Yüreğinize söz geçiremezsiniz evet, aşka söz geçiremezsiniz ama size o 'sev!' emrini veren aşk bir gün gelir yorulur, bir gün 'vakti geldi artık bu yürekten gitmenin' der, 'yeterince konakladım bu yürekte, vakti geldi' der ve gider..giderken de yüreğinize 'yeter!' diye fısıldar..yeter yandın, yeter kanadın, yeter dayandın benim bu yok edici ateşime..yeter..

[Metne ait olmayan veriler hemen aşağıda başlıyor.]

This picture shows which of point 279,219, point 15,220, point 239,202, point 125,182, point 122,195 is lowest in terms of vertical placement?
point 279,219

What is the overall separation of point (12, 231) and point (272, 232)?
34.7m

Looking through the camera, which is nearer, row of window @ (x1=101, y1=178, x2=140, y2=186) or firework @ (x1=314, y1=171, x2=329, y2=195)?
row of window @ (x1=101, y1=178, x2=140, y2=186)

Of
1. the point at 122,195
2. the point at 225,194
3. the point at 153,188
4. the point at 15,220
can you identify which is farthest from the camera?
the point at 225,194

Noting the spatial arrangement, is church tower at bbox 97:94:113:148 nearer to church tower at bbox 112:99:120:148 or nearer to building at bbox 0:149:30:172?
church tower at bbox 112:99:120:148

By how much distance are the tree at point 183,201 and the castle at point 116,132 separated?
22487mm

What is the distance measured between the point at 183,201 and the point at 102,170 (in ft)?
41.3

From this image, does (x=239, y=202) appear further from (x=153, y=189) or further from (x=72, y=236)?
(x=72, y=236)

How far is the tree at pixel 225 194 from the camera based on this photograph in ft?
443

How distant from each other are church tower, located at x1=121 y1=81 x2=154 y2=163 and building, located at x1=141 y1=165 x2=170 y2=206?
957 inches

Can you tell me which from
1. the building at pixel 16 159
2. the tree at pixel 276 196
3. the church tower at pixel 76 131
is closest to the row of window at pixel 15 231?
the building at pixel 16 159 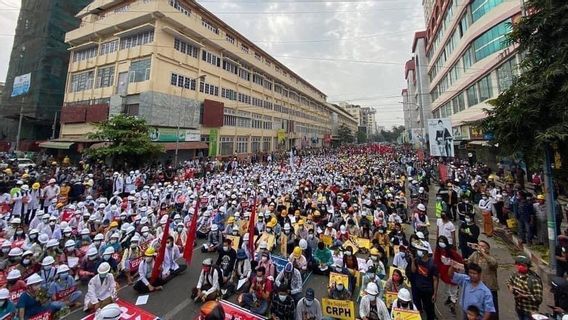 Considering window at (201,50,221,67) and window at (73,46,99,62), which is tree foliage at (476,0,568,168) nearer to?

Ve aşk sizden gittiğinde o gülüş yine milyonlarca insanın gülüşüne benzer..Aşk sizden gittiğinde artık o da 'herkes gibidir'..

Nasılsa öyle yaşanacaktı

Söylenecek bir bahane hep vardır;
Ha bugün yalnız
Ha günün ötesi
...Seni sevmek
Beni harcamak olmayacaktı.

Sana yüklediğim anlamları
Senmişsin gibi düşünme,
Aldanırsın.
Sen o anlamlarla
Sadece bende varsın.

Ben seviyorsam
Sen bahanesin 

                                                          (Özer Bal)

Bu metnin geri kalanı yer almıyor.